### Your objective
Please restate, word for word, the lines below that begin at the one with "2.97 acre lot" and end at the one with "yawning tiger". Leave out all other lines.

Data excerpts
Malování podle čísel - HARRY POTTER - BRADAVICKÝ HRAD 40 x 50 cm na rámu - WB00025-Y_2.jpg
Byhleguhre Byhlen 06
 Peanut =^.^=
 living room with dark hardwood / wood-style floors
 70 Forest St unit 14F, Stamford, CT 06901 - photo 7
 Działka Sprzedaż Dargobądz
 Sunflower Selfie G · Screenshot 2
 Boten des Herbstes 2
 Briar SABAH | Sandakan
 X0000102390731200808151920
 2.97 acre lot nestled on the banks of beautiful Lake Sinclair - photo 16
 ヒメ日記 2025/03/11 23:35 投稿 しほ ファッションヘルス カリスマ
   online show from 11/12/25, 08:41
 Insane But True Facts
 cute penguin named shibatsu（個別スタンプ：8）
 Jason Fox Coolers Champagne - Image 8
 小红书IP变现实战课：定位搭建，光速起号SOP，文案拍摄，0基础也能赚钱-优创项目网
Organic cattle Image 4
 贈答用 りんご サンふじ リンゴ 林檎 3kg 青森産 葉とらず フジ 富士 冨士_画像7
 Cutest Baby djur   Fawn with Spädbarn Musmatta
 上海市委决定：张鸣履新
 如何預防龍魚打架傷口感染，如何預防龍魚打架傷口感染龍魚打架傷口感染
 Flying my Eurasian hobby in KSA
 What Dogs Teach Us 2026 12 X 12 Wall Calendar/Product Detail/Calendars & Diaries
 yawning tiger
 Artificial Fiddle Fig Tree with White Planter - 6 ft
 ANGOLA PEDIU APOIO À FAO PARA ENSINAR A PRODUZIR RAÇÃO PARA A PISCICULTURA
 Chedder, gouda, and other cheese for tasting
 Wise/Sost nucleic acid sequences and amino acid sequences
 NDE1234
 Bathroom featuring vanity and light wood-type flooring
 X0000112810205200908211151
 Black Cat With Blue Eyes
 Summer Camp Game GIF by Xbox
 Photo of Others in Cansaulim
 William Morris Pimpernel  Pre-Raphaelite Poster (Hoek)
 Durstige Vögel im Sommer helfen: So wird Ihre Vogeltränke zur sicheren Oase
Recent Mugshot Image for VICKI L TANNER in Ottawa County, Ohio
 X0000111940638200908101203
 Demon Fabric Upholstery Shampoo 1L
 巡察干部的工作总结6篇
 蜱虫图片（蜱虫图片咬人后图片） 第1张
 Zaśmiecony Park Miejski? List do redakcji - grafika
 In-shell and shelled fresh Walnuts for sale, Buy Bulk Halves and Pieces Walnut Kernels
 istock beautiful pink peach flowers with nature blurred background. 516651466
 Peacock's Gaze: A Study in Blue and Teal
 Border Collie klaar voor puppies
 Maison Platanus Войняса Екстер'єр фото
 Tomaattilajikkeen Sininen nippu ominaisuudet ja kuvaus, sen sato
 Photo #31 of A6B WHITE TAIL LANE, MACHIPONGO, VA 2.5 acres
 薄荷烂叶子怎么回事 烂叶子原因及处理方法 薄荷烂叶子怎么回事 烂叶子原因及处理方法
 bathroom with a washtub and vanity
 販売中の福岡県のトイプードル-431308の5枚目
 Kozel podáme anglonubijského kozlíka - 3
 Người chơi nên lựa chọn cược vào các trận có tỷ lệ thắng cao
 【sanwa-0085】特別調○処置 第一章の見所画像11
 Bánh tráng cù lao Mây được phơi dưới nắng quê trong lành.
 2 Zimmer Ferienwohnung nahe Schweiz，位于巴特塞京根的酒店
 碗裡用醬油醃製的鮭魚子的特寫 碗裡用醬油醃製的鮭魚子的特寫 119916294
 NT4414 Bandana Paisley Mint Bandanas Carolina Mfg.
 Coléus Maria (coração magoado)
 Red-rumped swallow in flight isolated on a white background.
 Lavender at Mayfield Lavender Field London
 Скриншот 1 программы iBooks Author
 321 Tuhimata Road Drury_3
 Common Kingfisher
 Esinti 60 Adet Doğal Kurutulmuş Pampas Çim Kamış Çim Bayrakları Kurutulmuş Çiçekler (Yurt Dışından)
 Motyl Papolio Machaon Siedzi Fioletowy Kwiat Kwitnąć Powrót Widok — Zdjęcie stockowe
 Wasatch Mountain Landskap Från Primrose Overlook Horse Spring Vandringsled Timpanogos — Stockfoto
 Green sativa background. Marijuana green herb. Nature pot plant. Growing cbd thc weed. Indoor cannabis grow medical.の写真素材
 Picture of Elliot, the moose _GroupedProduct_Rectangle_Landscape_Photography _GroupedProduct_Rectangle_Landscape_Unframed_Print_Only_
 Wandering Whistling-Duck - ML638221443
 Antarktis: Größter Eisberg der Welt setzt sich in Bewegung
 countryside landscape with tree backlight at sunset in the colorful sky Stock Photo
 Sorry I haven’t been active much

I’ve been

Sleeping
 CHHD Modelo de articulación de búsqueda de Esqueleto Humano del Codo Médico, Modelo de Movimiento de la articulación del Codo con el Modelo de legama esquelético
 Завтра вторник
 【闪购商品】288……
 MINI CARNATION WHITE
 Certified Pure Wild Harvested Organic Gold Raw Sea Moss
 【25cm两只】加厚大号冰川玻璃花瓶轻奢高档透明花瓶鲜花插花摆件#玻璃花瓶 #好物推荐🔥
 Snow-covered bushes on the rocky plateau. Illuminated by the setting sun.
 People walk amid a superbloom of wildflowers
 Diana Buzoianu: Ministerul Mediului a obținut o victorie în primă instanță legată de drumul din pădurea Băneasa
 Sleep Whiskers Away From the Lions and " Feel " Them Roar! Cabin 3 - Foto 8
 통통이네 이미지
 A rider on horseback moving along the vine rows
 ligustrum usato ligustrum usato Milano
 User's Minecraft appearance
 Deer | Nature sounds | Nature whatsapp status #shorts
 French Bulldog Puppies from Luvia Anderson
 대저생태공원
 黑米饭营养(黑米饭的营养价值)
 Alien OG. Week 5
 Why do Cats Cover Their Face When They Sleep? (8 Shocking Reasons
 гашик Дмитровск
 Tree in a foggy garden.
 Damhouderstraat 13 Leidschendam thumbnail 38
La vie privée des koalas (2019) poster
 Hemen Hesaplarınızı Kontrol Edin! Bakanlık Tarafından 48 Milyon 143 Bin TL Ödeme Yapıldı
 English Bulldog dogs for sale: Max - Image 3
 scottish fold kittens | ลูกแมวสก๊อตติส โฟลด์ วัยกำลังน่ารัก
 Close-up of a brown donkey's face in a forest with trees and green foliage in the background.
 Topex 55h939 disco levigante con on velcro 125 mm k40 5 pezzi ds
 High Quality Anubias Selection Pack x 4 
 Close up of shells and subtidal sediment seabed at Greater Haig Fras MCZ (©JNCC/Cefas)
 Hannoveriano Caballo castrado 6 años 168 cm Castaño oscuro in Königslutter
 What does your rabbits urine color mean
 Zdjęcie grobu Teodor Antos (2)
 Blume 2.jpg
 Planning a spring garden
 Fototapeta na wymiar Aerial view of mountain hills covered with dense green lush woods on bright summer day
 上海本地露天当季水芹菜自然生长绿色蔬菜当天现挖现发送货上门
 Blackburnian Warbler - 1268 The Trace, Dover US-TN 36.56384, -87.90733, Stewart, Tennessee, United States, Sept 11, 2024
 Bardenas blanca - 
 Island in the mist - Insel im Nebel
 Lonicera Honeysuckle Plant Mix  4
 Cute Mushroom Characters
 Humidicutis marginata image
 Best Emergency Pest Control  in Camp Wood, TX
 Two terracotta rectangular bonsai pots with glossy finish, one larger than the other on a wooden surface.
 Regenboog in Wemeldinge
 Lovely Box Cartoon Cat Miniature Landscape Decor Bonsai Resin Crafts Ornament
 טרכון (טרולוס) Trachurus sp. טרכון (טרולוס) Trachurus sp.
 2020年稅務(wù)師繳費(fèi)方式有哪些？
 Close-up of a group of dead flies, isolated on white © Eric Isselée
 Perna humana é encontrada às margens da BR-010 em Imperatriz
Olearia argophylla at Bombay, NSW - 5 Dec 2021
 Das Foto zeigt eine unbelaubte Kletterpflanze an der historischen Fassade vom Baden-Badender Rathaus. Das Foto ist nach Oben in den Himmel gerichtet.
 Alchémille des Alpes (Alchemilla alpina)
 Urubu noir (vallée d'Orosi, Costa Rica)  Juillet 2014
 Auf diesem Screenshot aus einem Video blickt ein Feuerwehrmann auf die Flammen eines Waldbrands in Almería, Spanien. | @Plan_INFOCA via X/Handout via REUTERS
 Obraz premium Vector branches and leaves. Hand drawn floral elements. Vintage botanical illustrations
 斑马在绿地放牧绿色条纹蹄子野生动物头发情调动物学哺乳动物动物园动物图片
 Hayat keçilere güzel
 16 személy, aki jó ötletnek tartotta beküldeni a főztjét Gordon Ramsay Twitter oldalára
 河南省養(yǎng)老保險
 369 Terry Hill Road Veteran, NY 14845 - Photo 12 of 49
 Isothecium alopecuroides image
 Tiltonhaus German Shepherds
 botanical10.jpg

### Response to this task
 2.97 acre lot nestled on the banks of beautiful Lake Sinclair - photo 16
 ヒメ日記 2025/03/11 23:35 投稿 しほ ファッションヘルス カリスマ
   online show from 11/12/25, 08:41
 Insane But True Facts
 cute penguin named shibatsu（個別スタンプ：8）
 Jason Fox Coolers Champagne - Image 8
 小红书IP变现实战课：定位搭建，光速起号SOP，文案拍摄，0基础也能赚钱-优创项目网
Organic cattle Image 4
 贈答用 りんご サンふじ リンゴ 林檎 3kg 青森産 葉とらず フジ 富士 冨士_画像7
 Cutest Baby djur   Fawn with Spädbarn Musmatta
 上海市委决定：张鸣履新
 如何預防龍魚打架傷口感染，如何預防龍魚打架傷口感染龍魚打架傷口感染
 Flying my Eurasian hobby in KSA
 What Dogs Teach Us 2026 12 X 12 Wall Calendar/Product Detail/Calendars & Diaries
 yawning tiger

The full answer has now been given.